• _Task details_
Exactly what is written in the records below should be returned, minus the images.

Collected data entries:

--- START ---

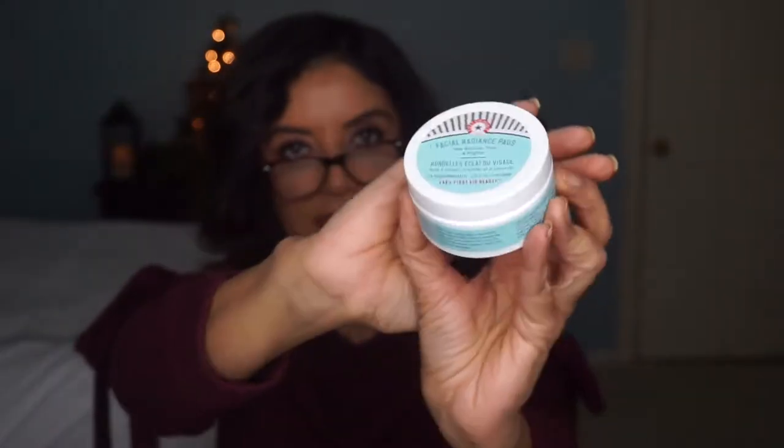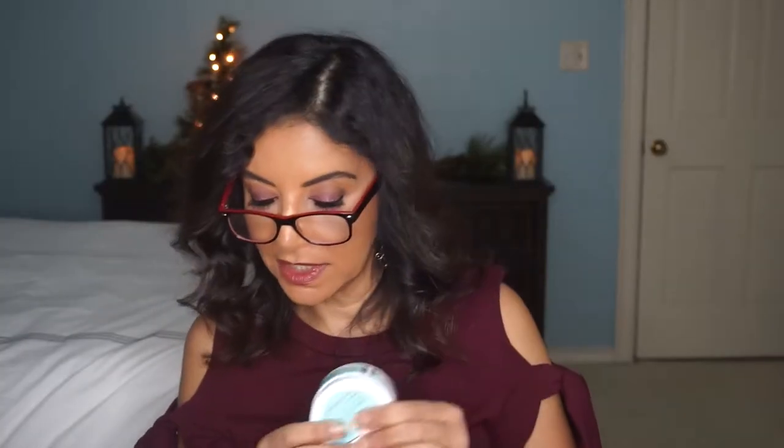Let's start pulling it out. This one is by First Aid Beauty and it is their Facial Radiance Pads. This helps exfoliate, tone, and brighten. Here's one item, and there's something here by Lancer — it is a volume enhancing lip serum. I can use all of that. That's a big tube in here.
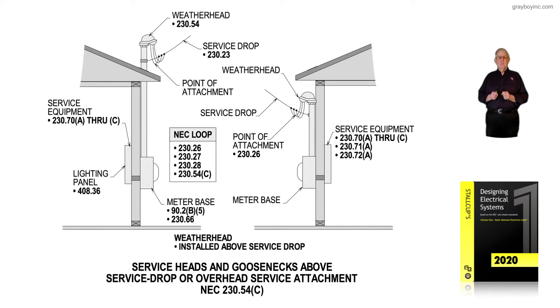This illustration deals with service heads and goose necks above the service drop, or the overhead service at the attachment area, in accordance with NEC 230.54C.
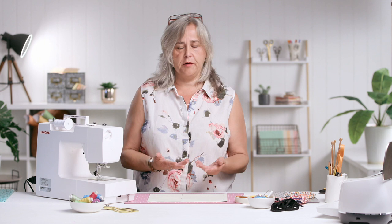So we'll get started. It is very easy — you can hand sew it if you don't have access to a machine, but it is quicker if you use a machine.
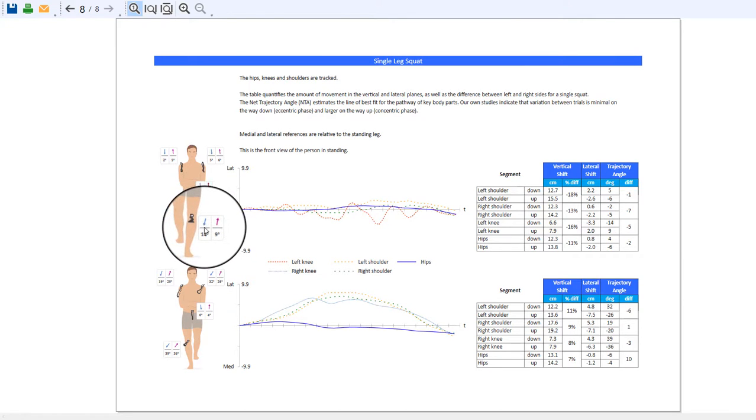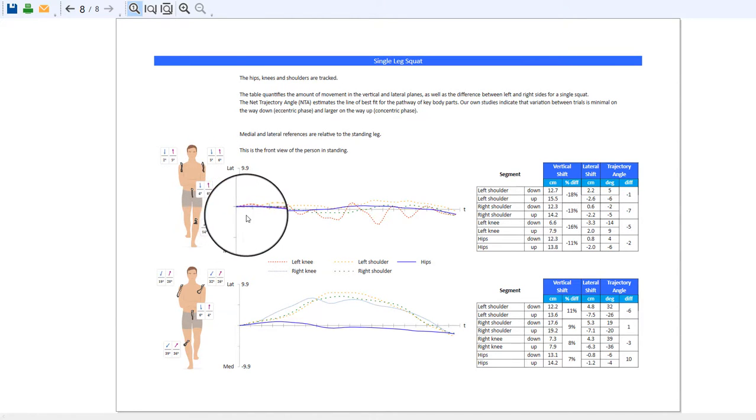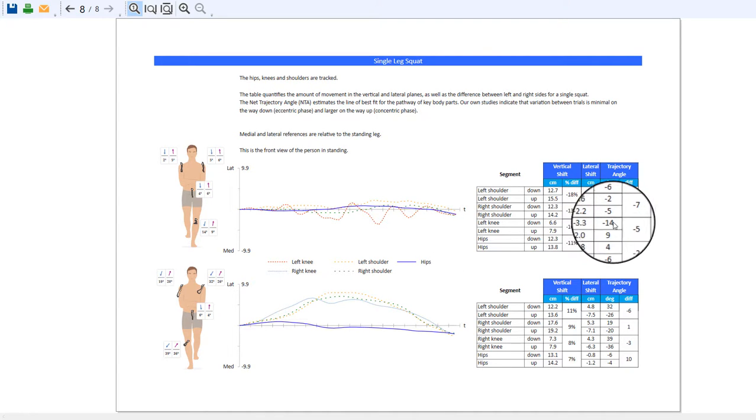The biomechanics report shows a net trajectory angle of 14 degrees — a non-linear representation of the net result of all of this shaking, with a tendency to go inwards. The upper body looks very nice with small trajectories. Looking specifically at the path of the left knee, it shakes over the midline: going laterally first, then back, then back to midline with a tendency to go medial — hence a net trajectory angle of 14 degrees — and the end position of the knee at the bottom of the squat being medially by 3 centimeters.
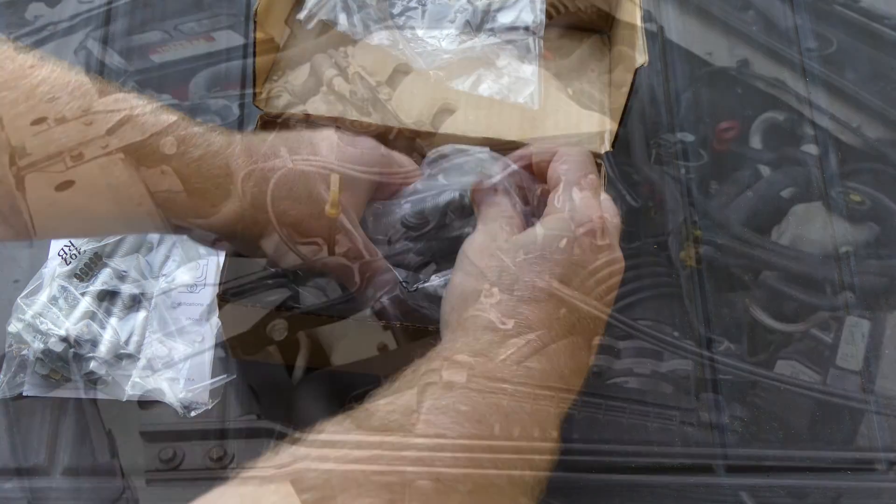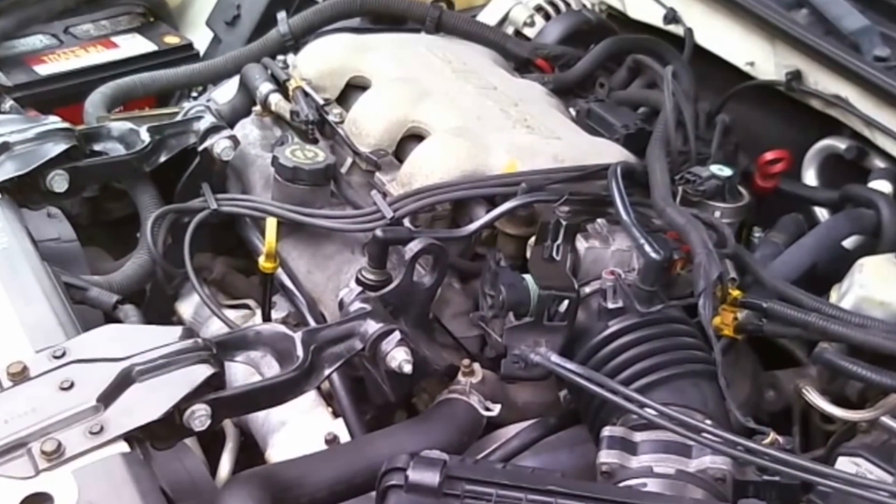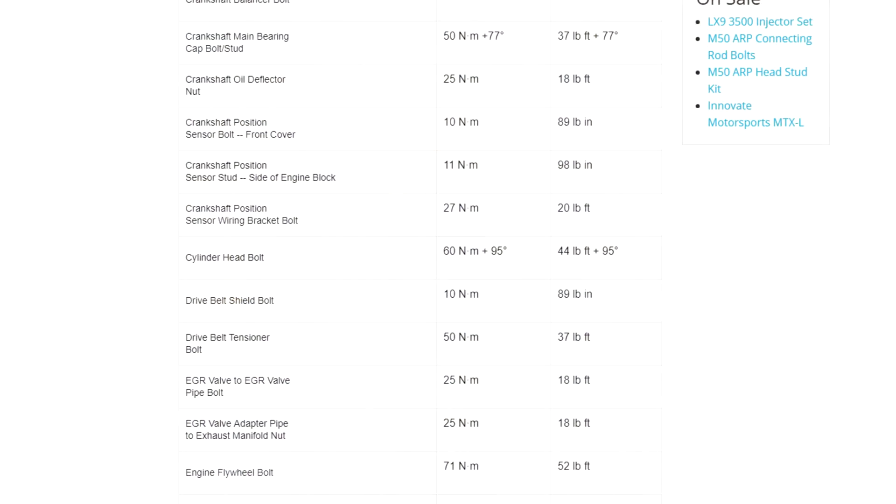In this example we are working on a 3100 SFI engine, engine code LG8. At the time of recording the latest torque specification for these bolts was 44 pound-feet plus 95 degrees.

--- END ---

• _Written answer_
Let's start pulling it out. This one is by First Aid Beauty and it is their Facial Radiance Pads. This helps exfoliate, tone, and brighten. Here's one item, and there's something here by Lancer — it is a volume enhancing lip serum. I can use all of that. That's a big tube in here.
This illustration deals with service heads and goose necks above the service drop, or the overhead service at the attachment area, in accordance with NEC 230.54C.
So we'll get started. It is very easy — you can hand sew it if you don't have access to a machine, but it is quicker if you use a machine.
The biomechanics report shows a net trajectory angle of 14 degrees — a non-linear representation of the net result of all of this shaking, with a tendency to go inwards. The upper body looks very nice with small trajectories. Looking specifically at the path of the left knee, it shakes over the midline: going laterally first, then back, then back to midline with a tendency to go medial — hence a net trajectory angle of 14 degrees — and the end position of the knee at the bottom of the squat being medially by 3 centimeters.
In this example we are working on a 3100 SFI engine, engine code LG8. At the time of recording the latest torque specification for these bolts was 44 pound-feet plus 95 degrees.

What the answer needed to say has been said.